The claims made for the change in alcohol marketing and sponsorship have been based around the opinion that current regulations do not protect children and encourage early drinking by youngsters. These claims have been strongly dismissed by advertising body ISBA. The ISBA represents well-known alcohol companies including Bacardi-Martini and Heineken. The advertising body have criticised evidence presented by health campaigners in a bid to support stricter regulation including an Ofcom study that suggests that for every five 24-year-olds who watched a television alcohol advert, four 10 year olds saw the same ad.

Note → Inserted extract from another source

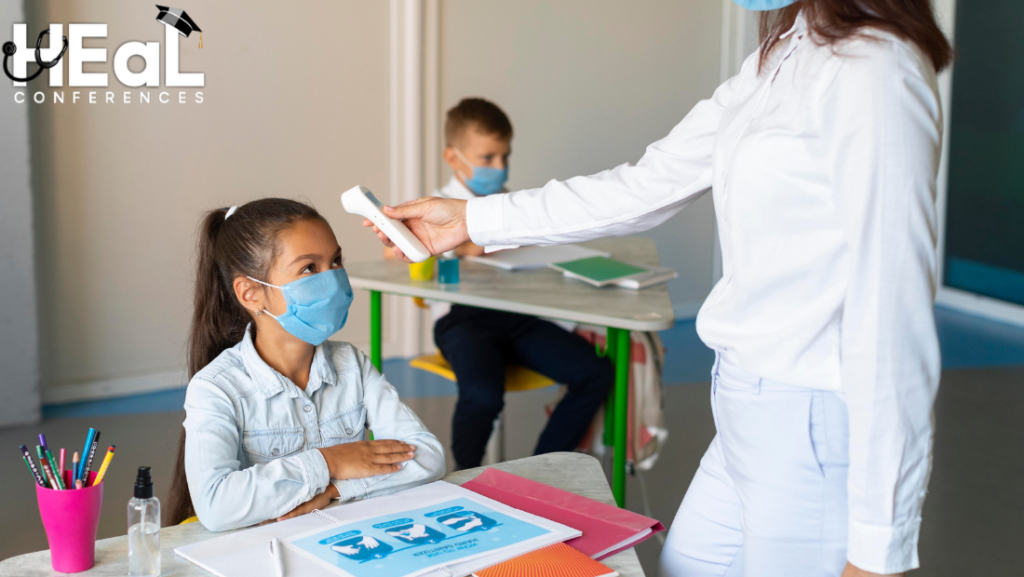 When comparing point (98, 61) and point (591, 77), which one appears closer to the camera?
point (98, 61)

The impact on sports sponsorship would also be extensive as major 2012 summer sporting events are sponsored by alcohol brands, the Euro 2012 is currently being sponsored by Carlsberg and the Olympics are to be sponsored by Heineken. The Irish government has now committed to phasing out alcohol sponsorship at sports events.
Further evidence submitted relates to the growing burden of alcohol related social issues on society, an issue which leads to the loss of around 15,000 lives every year. Recent evidence presented to MPs showed that alcohol is the leading cause of death amongst young men, accounting for 27% of fatalities in the 16-24 age group.

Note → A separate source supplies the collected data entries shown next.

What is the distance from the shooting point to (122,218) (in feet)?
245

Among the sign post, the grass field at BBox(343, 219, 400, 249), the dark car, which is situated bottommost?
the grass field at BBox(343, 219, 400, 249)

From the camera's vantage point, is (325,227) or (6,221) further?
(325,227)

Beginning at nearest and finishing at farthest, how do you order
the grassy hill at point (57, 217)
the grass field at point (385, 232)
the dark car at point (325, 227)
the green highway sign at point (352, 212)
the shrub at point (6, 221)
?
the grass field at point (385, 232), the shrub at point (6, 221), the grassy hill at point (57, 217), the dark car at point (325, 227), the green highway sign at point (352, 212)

Despite the evidence presented by health campaigners and medical bodies the UK government has ruled out suggested changes to alcohol marketing regulations, suggesting that there is insufficient evidence available to strengthen regulations. However the governments are planning to work with the Advertising Standards Association to work on a method to measure the impact of alcohol advertising on consumption.
It is likely that this announcement will come as a huge relief to alcohol Brand Managers as any change in regulation would drastically affect their brand marketing and advertising strategy.